To support scenarios in which loss of heartbeat is used to trigger mitigation, and to keep the channel active, DOTS servers MUST solicit heartbeat exchanges after successful mutual authentication. When DOTS agents are exchanging heartbeats and no mitigation request is active, either agent MAY request changes to the heartbeat rate. For example, a DOTS server might want to reduce heartbeat frequency or cease heartbeat exchanges when an active DOTS client has not requested mitigation, in order to control load.

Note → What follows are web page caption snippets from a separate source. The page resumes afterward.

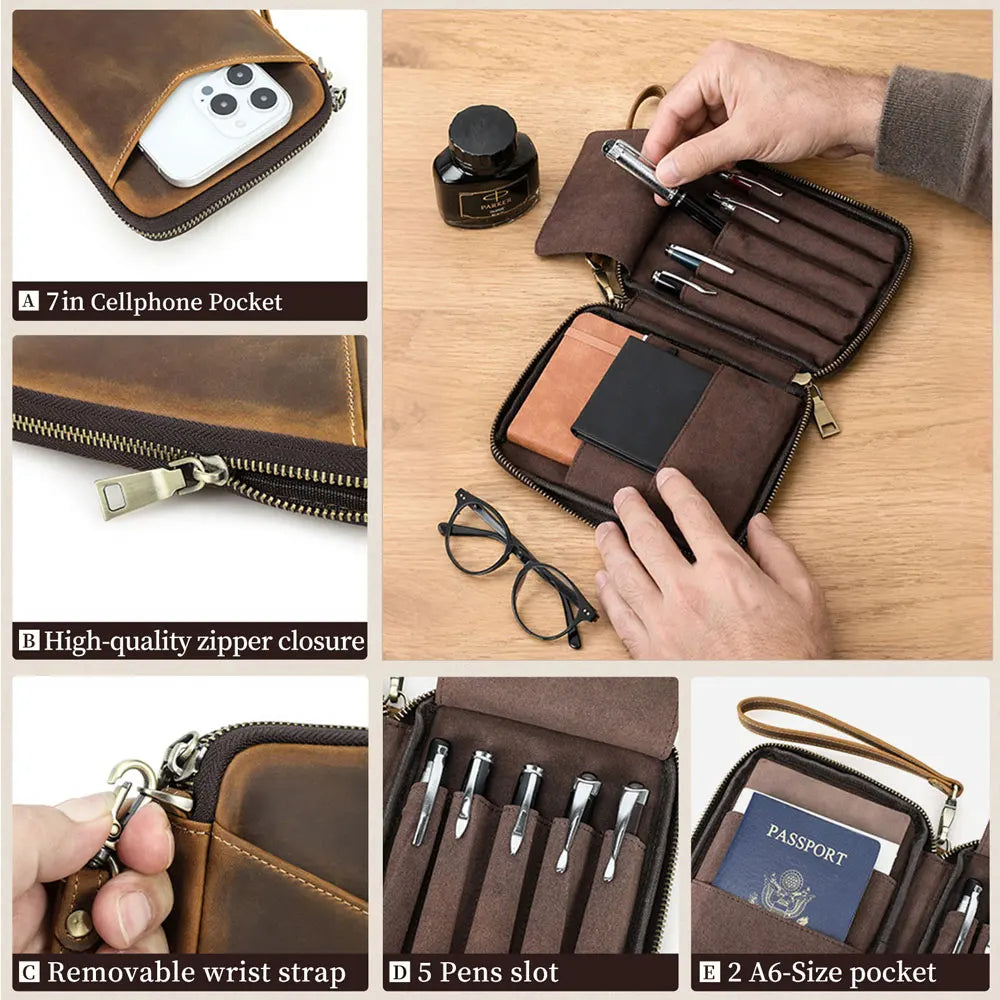 Leather Pen Case Organizer with 5 Pen Slots and A6 Notebook Pocket, Zippered Stationery Storage Case for Office and School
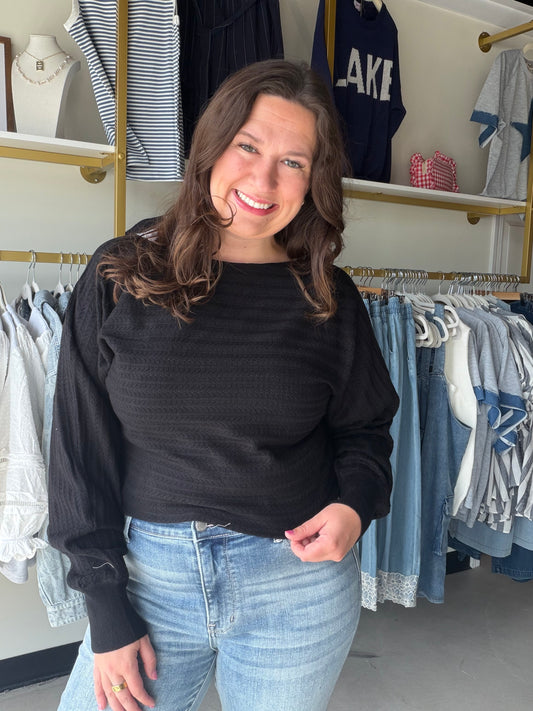 Scoop Neck Black Sweater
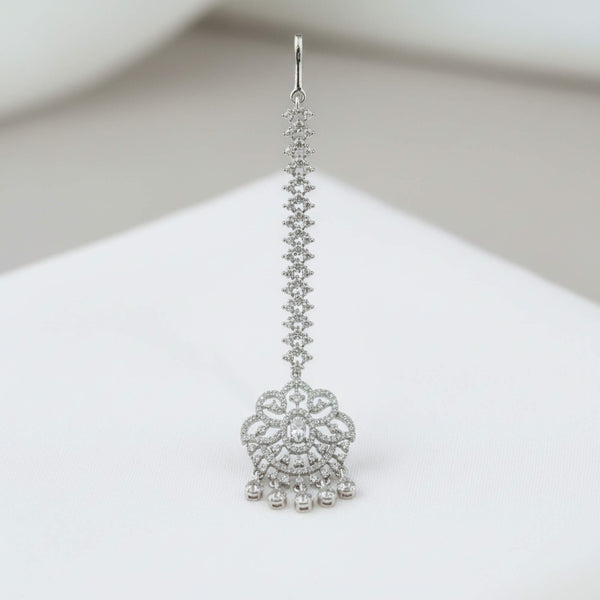 442137 Cubic Zirconia Classic Tikka With Mehndi 2 Tone Rhodium Plating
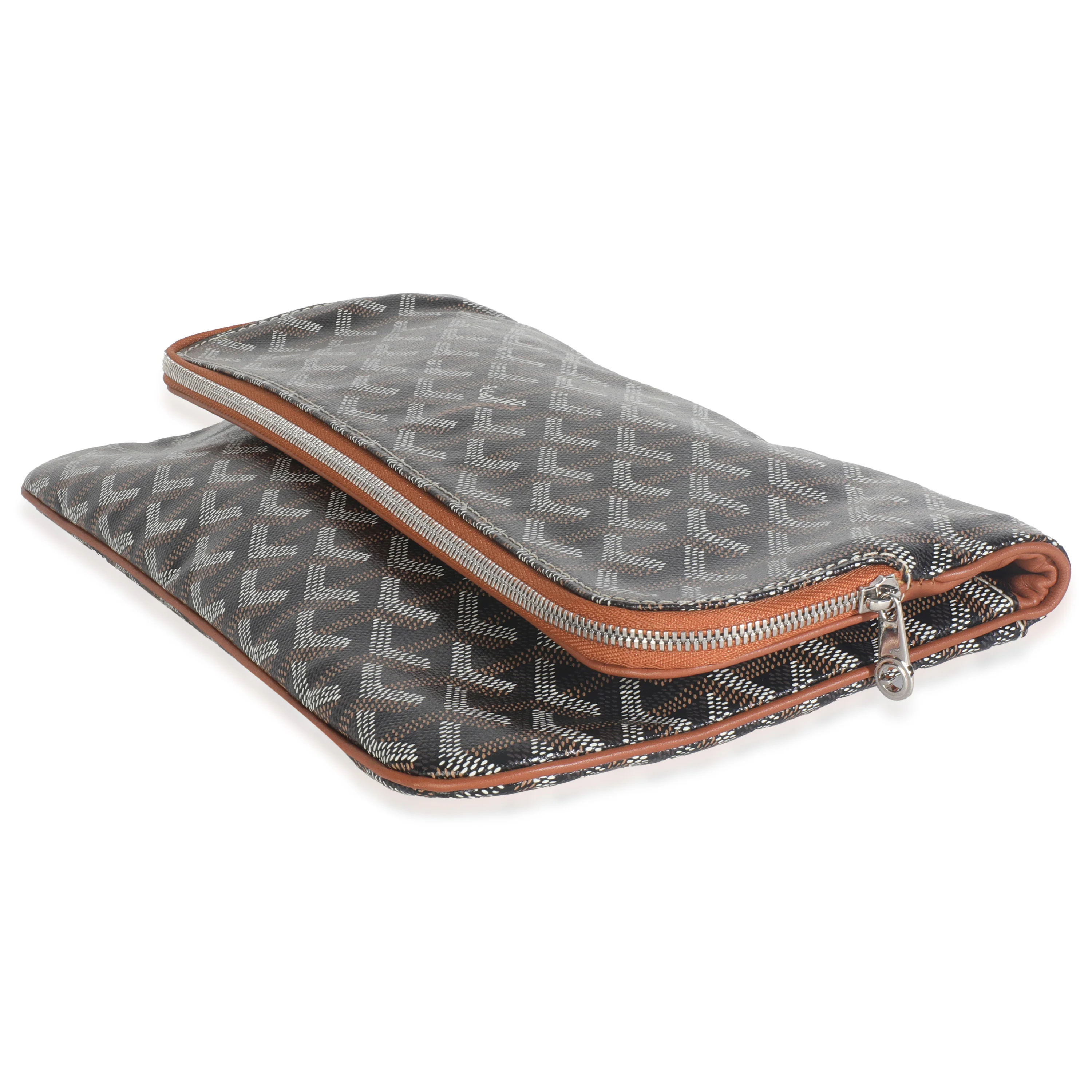 Gold Black Goyardine Canvas Saint Marie Soft Clutch - Image 6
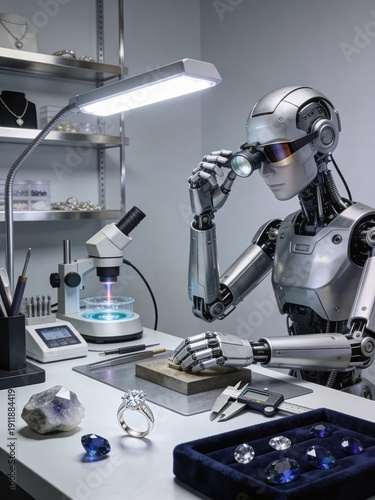 humanoid robot jeweler working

Following mutual authentication, a signal channel MUST be considered active until a DOTS agent explicitly ends the session. When no attack traffic is present, the signal channel MUST be considered active until either DOTS agent fails to receive heartbeats from the other peer after a mutually agreed upon retransmission procedure has been exhausted. Peer DOTS agents MUST regularly send heartbeats to each other while a mitigation request is active. Because heartbeat loss is much more likely during volumetric attack, DOTS agents SHOULD avoid signal channel termination when mitigation is active and heartbeats are not received by either DOTS agent for an extended period. The exception circumstances to terminating the signal channel session during active mitigation are discussed below:

  • To handle a possible DOTS server restart or crash, the DOTS clients MAY attempt to establish a new signal channel session but MUST continue to send heartbeats on the current session so that the DOTS server knows the session is still alive. If the new session is successfully established, the DOTS client can terminate the current session.
  • DOTS servers are assumed to have the ability to monitor the attack, using feedback from the mitigator and other available sources, and MAY use the absence of attack traffic and lack of client heartbeats as an indication the signal channel is defunct.
   SIG-005  Channel Redirection: In order to increase DOTS operational
      flexibility and scalability, DOTS servers SHOULD be able to
      redirect DOTS clients to another DOTS server at any time.  DOTS
      clients MUST NOT assume the redirection target DOTS server shares
      security state with the redirecting DOTS server.  DOTS clients are
      free to attempt abbreviated security negotiation methods supported
      by the protocol, such as DTLS session resumption, but MUST be
      prepared to negotiate new security state with the redirection
      target DOTS server.  The redirection DOTS server and redirecting
      DOTS server MUST belong to the same administrative domain.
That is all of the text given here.